Monday, May. 03, 1971
TWENTY years ago, TIME began using color photographs regularly, -and our color staff has been actively celebrating the birthday. Last week's issue carried color pictures from China, the first in any U.S. magazine after Peking admitted the American table tennis team. This week we have nine color pages--on China, in the Art section and with the cover story on the Broadway hit Follies..
Because a color spread must go to press earlier than the magazine's general deadline, agility is necessary when the pictures concern late-breaking events. More often, planning is done weeks in advance. Edwin Bolwell, color-projects editor, selects a promising subject. Bolwell and Reporter-Researcher Mary Themo prepare guidelines for the photographer. Picture Editor John Durniak, who is responsible for all of TIME'S photo coverage, then chooses one or more cameramen particularly suited for the job.
Capturing Follies on film was one of Bolwell's and Durniak's more pleasurable challenges. Shooting during a regular performance might have disrupted it. Therefore a "photo call" was arranged--a performance of the play's highlights to the accompaniment of a single piano. Watching from the lip of the Winter Garden's stage, Bolwell said: "I'm amazed by the ability of the performers to provide us with an instant replay whenever we ask for it. They can stop in the middle of a torch song or freeze a high kick without sacrificing one ounce of showmanship."
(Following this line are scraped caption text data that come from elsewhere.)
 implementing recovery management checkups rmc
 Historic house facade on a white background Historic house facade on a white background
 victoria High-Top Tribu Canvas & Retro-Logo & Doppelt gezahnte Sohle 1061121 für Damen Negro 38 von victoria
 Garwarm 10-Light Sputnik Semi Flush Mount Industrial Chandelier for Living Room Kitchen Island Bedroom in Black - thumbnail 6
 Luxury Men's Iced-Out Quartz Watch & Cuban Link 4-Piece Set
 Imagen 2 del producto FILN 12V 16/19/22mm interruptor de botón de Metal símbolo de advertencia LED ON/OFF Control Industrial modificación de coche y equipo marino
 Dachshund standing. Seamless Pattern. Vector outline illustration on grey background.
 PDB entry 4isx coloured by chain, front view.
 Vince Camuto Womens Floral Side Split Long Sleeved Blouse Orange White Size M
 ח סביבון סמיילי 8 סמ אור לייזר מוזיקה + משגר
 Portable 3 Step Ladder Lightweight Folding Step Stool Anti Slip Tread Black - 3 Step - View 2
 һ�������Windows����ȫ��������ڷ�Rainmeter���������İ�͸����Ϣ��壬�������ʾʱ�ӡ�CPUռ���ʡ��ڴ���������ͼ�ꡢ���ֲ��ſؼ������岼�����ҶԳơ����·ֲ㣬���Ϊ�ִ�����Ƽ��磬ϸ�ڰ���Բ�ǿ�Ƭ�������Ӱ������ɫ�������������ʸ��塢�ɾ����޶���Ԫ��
Taking the right pictures is not the end of the process. The masses of incoming photographs are usually weeded through by Color Director Arnold Drapkin and Picture Researcher Carol Saner. In the case of this week's China spread, they culled 2,160 transparencies, selected about 50 from which TIME'S art directors then chose nine for their final layout. Once a layout is approved, Drapkin or his associate Erwin Edelman takes it from New York to our Chicago printing plant--a mission that is necessary to ensure the accuracy of the engravings.
While the Follies.v color spread was being prepared, a team headed by John Elson was at work on the cover story. It was written by Stefan Kanfer, our movie critic, making one of his frequent forays into Broadway territory, and with good reason: he is a sometime playwright. Five years ago, Alexis Smith starred in a pre-Broadway tryout of Kanfer's comedy, The Coffee Lover.